Ao serão
É de noite mas não está calor. Não está o calor que devia estar quando estas coisas acontecem. Porque tem que estar calor para as janelas estarem abertas e os ruídos da noite entrarem em casa com a familiaridade de uma porta aberta na aldeia. Há uma familiaridade universal nos ruídos noite que entram em casa. Especialmente no Verão.
A janela da cozinha estava aberta e ouvi o comboio de mercadorias passar. Vinha de Sta. Apolónia e passava na estação de Marvila. Não tinhas ninguém nos cais e os vagões de carga do comboio iam quase vazios, aparte de algumas pessoas que fugiam – quem sabe se delas próprias – e de uns quantos sacos de qualquer coisa. Passou o comboio e fez vento na estação de Marvila. Um vento que ninguém viu e sentiu. Um vento de Quaresma quente e cheio de desgraça, assim se benzem as velhas nas casas no bairro abandonado quando passa por elas. Benzem-se a afugentam o diabo.
É de noite mas é cedo mas os ruídos da noite dizem-me que já são quatro da manhã e que o comboio de mercadorias é o primeiro que vai para uns montes, uns lugares, uns sítios quaisquer que não consigo imaginar. Para mim vai sempre tudo para um lugar seco de planícies e vales suaves porque é lá que tudo e solitário e vazio. É lá que se espiam os pecados, quando se chega de uma noite de vigília no vagão de mercadorias de um comboio que vai quase vazio. Levam dois personagens de um romance escrito por uma adolescente que li quando era adolescente, The Outsiders.
Sei que é um Março frio e chuvoso, mas os ruídos da noite trazem até mim um Suão deslavado que me finge o Verão. O comboio passa na linha, no bairro onde as velhas se benzem por causo do vento da sua passagem, tum-tum tum-tum tum-tum tum-tum tum-tum tum-tum e o som vai desaparecendo, misturando-se nos ruídos da noite à medida que o comboio se encaminha para esse tal lugar seco com planícies e vales.

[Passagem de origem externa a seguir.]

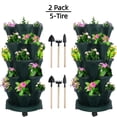 thumbnail image 1 of 5 Tier Vertical Garden Stackable Planter with Wheels, Strawberry Planter Indoor/Outdoor for Growing Vegetables Succulents, Green 2 Set, 1 of 8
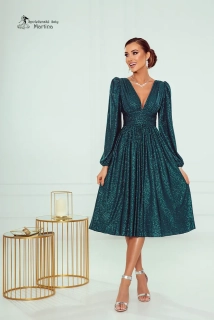 Tmavě zelené třpytivé midi šaty "Klara" s dlouhým rukávem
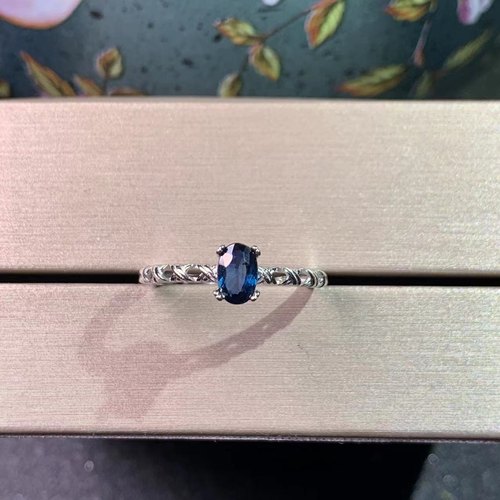 矿区直销天然山东蓝宝石戒指925银镀金开口戒指4*6MM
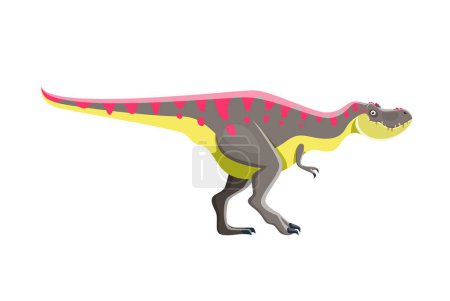 Téléchargez les illustrations : Caricature Tarbosaurus personnage de dinosaure. Faune ancienne, reptile de l'époque jurassique ou animal paléontologique. Créature disparue, prédateur préhistorique personnage vecteur de dinosaures Tarbosaurus avec des dents pointues - en licence libre de droit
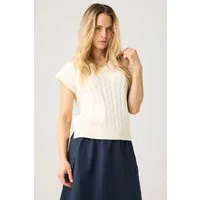 KnowledgeCotton Apparel KnowledgeCotton Apparel Damen vegan Strickweste Kabelreiher Weiß – Produktbild 1 von 1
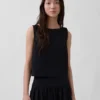 Popeline tanktop met boothals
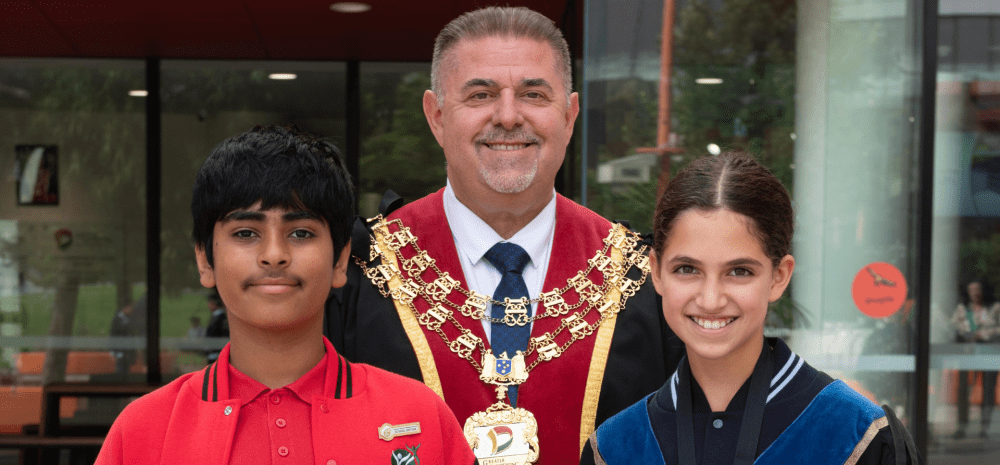 Mayor Cr Jim Memeti with Junior Mayor and Deputy Mayor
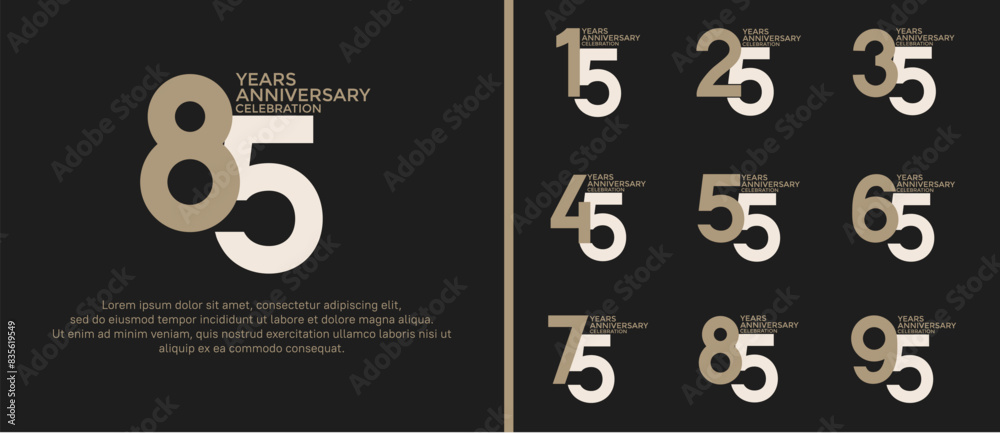 anniversary logo style set with brown color can be use for celebration moment anniversary logo style set with brown color can be use for celebration moment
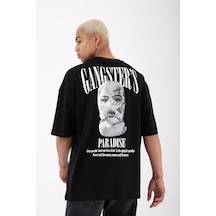 Flood Of Style Erkek Siyah Gangster S Paradise Baskılı Oversize Pamuklu Bisiklet Yaka T-shirt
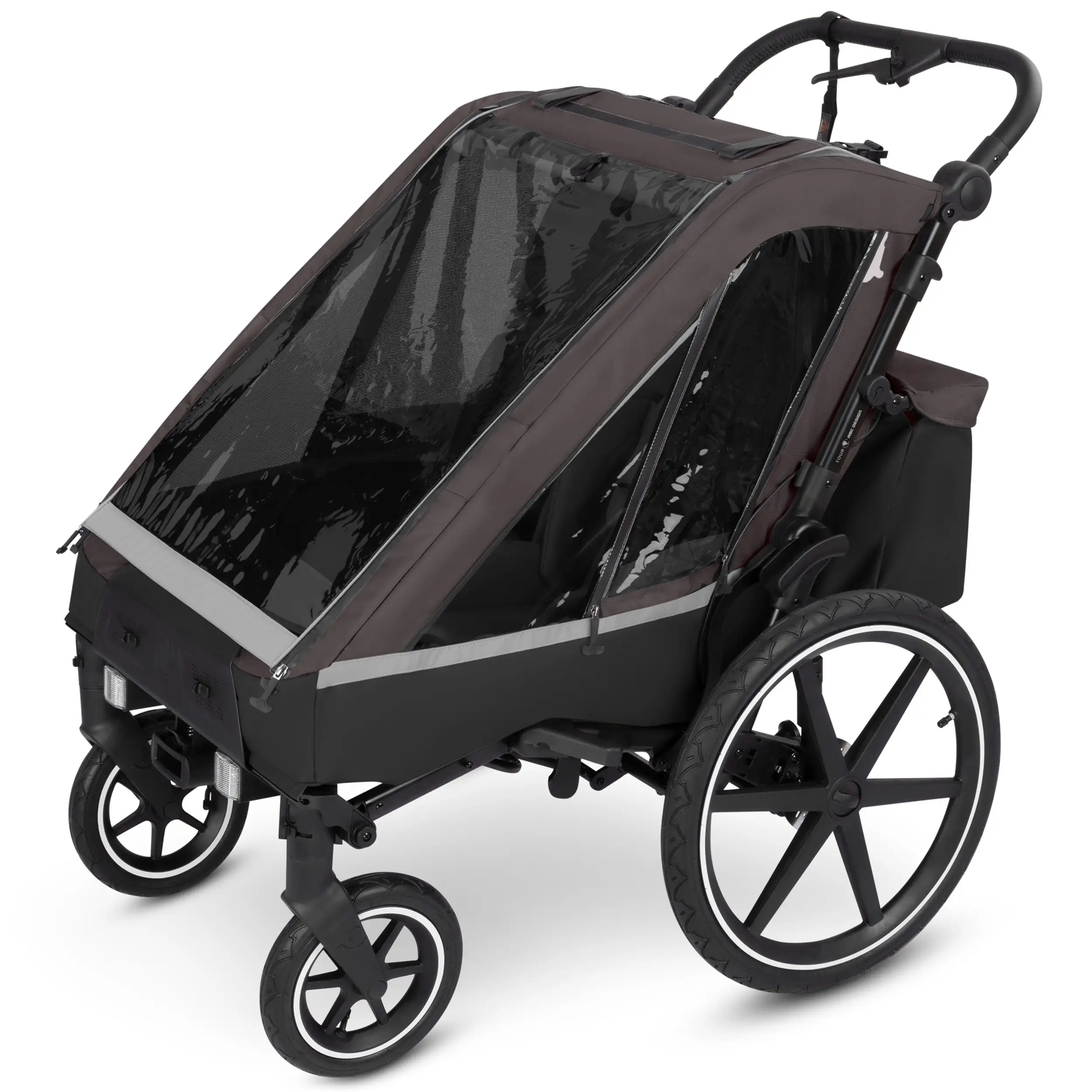 Remolque para bicicleta Tour 2 con 2 cómodos asientos y ruedas neumáticas - Falcon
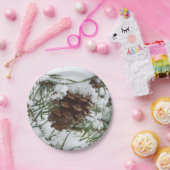 Snowy Pine Cone I冬自然撮影 ペーパープレート (パーティー)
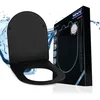 Image de WENKO Abattant WC Galati noir mat | Abattant WC design avec descente amortie Soft-Close en Duroplast | Ultraflat et hygiénique | DIM (L x l) 36 x 46 cm | Couleur noire élégante et moderne
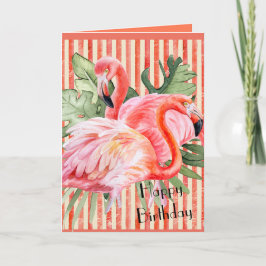 Flamingo rosa Feliz cumpleaños personalizado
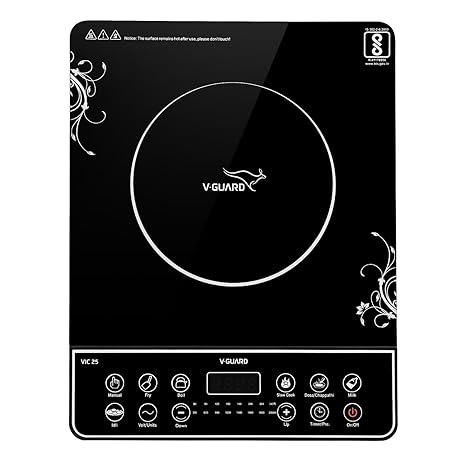 V-Guard VIC 25 Induction Cooktop| 2000-Watts Electric Induction Stove with Preset Indian Menu | Temperature Control | Push button| Auto-cutoff | Polished Glass | Black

O comboio passou, o Suão também e as velhas benzeram-se. Amén.
Os ruídos da noite fizeram-se ausência de barulho, até de silêncio.
Voltou o frio e o serão de Março.
Estendi o lençol e voltei para dentro.
E respirei, antes de fechar a janela, o cheiro a Primavera.
A estação de Marvila continua vazia. Só amanhã o quiosque.